I mean seriously, it’s just a smart idea. Most everyone in the professional arena knows (or should know) about LinkedIn and what it’s for. The third sentence from the chapter on LinkedIn in that book I’m reading, Share This: The Social Media Handbook For PR Professionals makes it pretty clear. “Could you benefit from expanding your professional network?” Ummm, yes.

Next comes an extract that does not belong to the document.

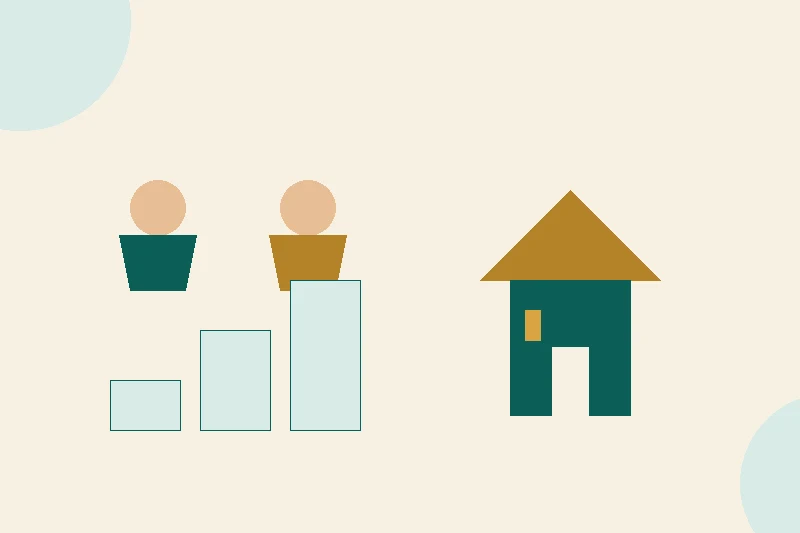 A flat illustration of two buyers standing before a house, one holding a document marked as a first purchase, with a steep cliff edge behind the £500,000 mark on a pale cream background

If you answer no to that then I guess you don’t need a LinkedIn. Enjoy the long, hard road of mediocrity. Unless you’re a celebrity or super-rich or something in which case, lemme get a job! Sorry for the deviation, but you never know, ya know? Maybe Warren Buffett or Bobby Brown is reading this. I guess to be fair, LinkedIn isn’t a perfect fit for everyone. That book does mention that there are people out there who’s job puts them in a position where being easily found online is not an advantage, although I can’t think of a good example of that right now so I’m moving on. I guess bank robbers don’t really need a LinkedIn, but that’s a different blog post altogether.
LinkedIn is a really awesome tool that professionals can use to bolster their professional network. I found it interesting that this book mentions how people in different positions within organizations tend to use LinkedIn for different purposes. It says that the higher-ups use it mostly for trade industry networking and promotional purposes, whereas middle management uses it to “keep in touch” and network within their industry while the newbies in the business world use it for finding jobs and networking with their co-workers. I could have come to a conclusion similar to that on my own but I trust these folks and their organization’s logo is on the front of this social media book.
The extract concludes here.